- _EXERCISE DATA_:
▶
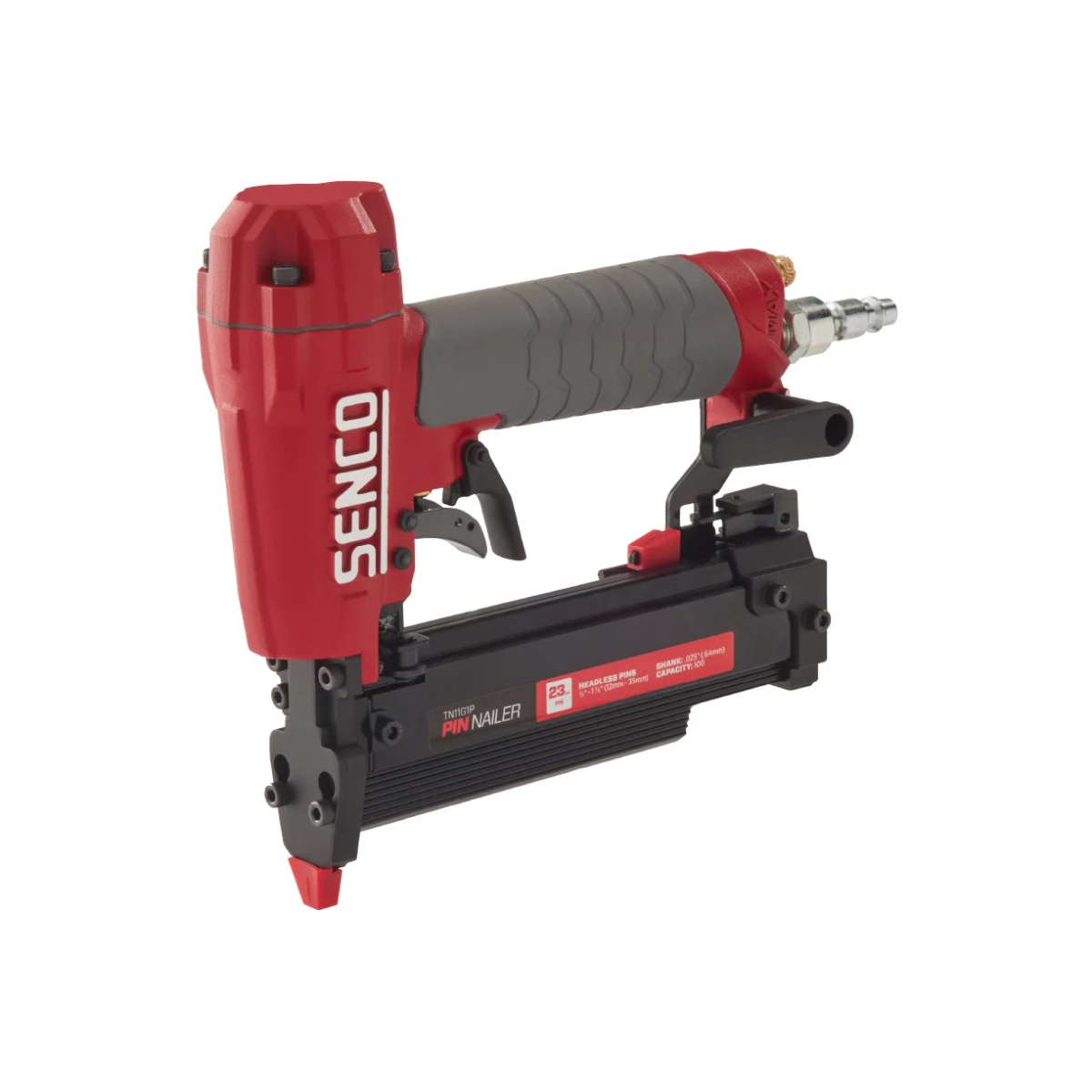 Senco 1-3/8" 23 GAUGE PIN NAILER TN11G1P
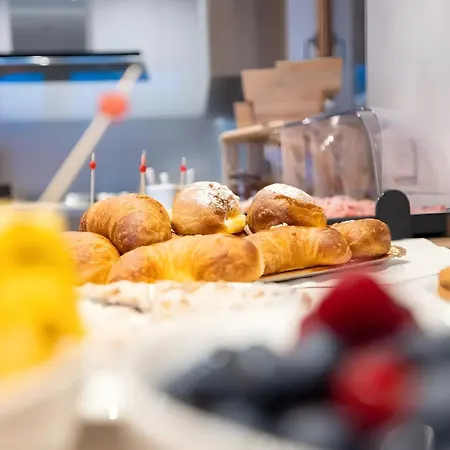 Bed & Breakfast Imbosc'che 5 Livigno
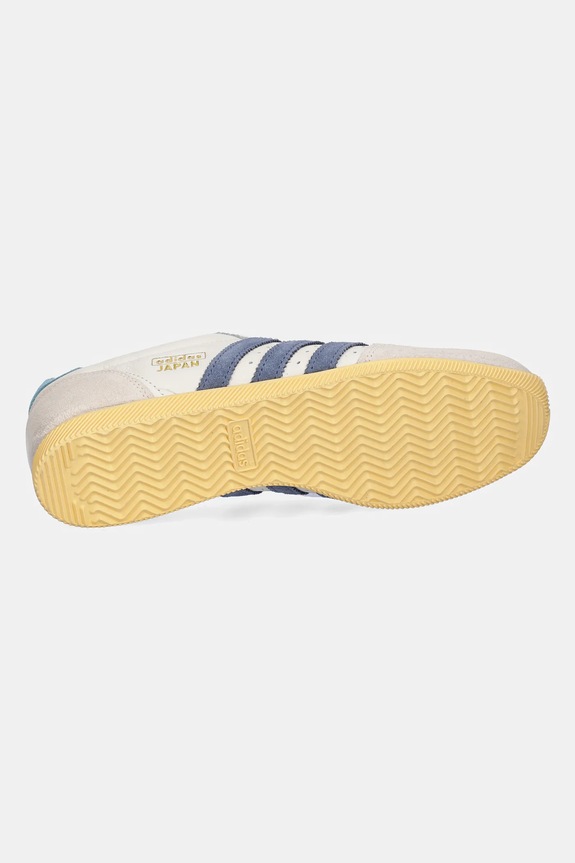 Tenisky adidas Originals Japan W JQ9519 béžová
◀
- _EXERCISE INSTRUCTIONS_: Please output the lines from the line that holds "Bed & Breakfast Imbosc'che 5 Livigno" through the final line of the material above, both included. Each line must match exactly, and pictures must be excluded.

- _OUTPUT FOR THIS TASK_:
 Bed & Breakfast Imbosc'che 5 Livigno
 Tenisky adidas Originals Japan W JQ9519 béžová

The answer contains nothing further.